Presented at Association for Asian Studies, Toronto, Ontario, March 16-19.

Abstract:

Contemporaneously with the release of the eighteen volume Collected Works of “Zainichi” Literature (“Zainichi” bungaku zenshū), discussions began to emerge as to whether the end of “Zainichi” literature was nigh, with one elder statesman of the genre claiming that after he died, “Zainichi” literature would cease to exist. Indeed, the very title of the collection—marking it as a “zenshū”—implies a sort of completion or finality.

Central to this discussion and to the discourse surrounding the publication of the collection in general was the refusal of high profile writers of the youngest generation such as Yū Miri to have their work included. Yū’s wholesale rejection of the Zainichi label could perhaps be called “post-Zainichi,” in reference to the “post-racial” discourse of the U.S. in the era of Obama, and with no less irony, given the emboldened nativist sentiments and hate speech campaigns targeted specifically at “Zainichi” Koreans occurring in Japan at the same time.

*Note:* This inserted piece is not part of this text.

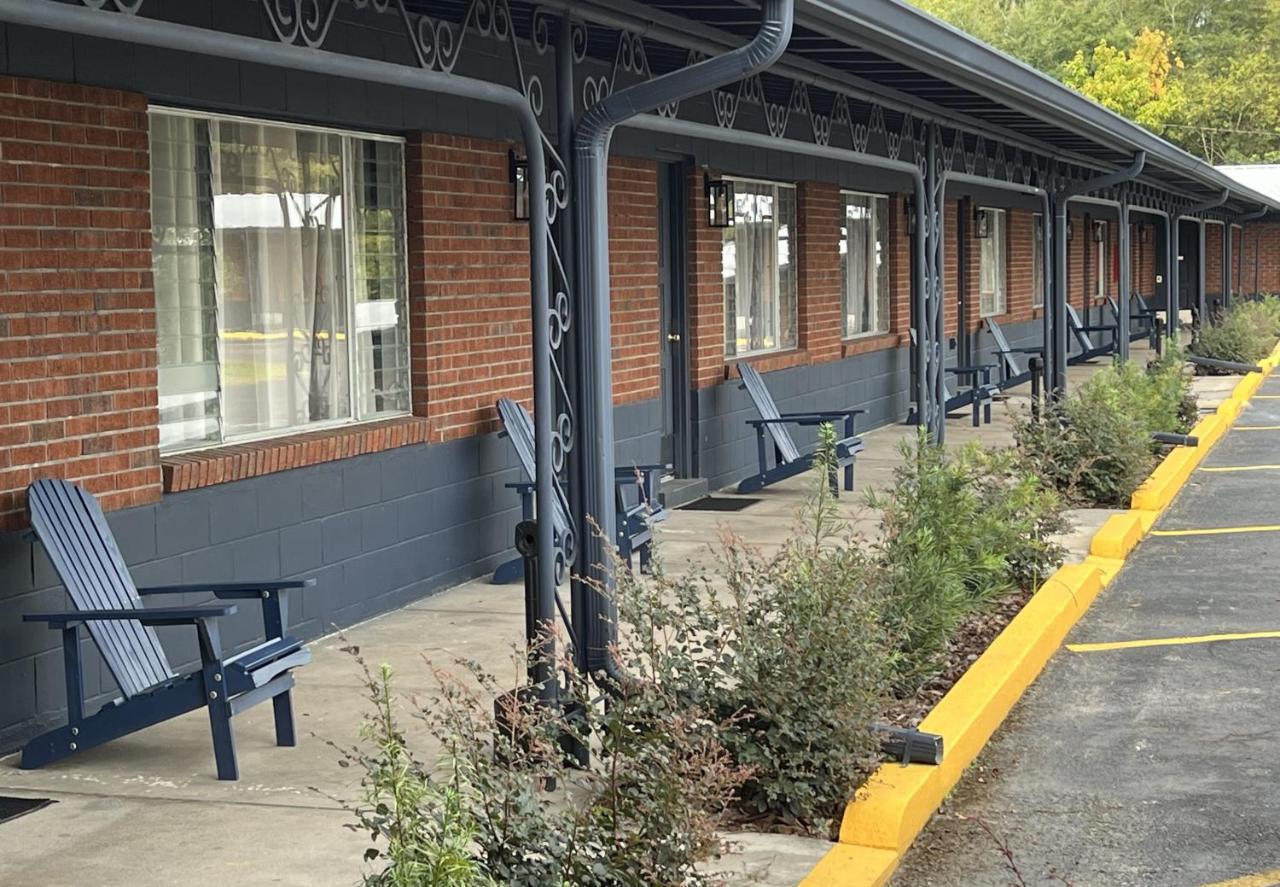 Bluegem Motel High Springs Bagian luar foto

Given this context, this paper illuminates the tension between Yū Miri’s eschewal of “Zainichi” as political and literary identity and, conversely, the exclusion of Yū Miri by historical conceptualizations of “Zainichi,” namely through its grappling with masculinist nationalism. At stake is the question of agency in the process of cultural identification: which choices are tenable, both politically and within the economy of print media. I argue that just as Yū Miri can never truly break free from an overdetermined “Zainichi” label, she exposes an untenability that has been with “Zainichi” literature from the start.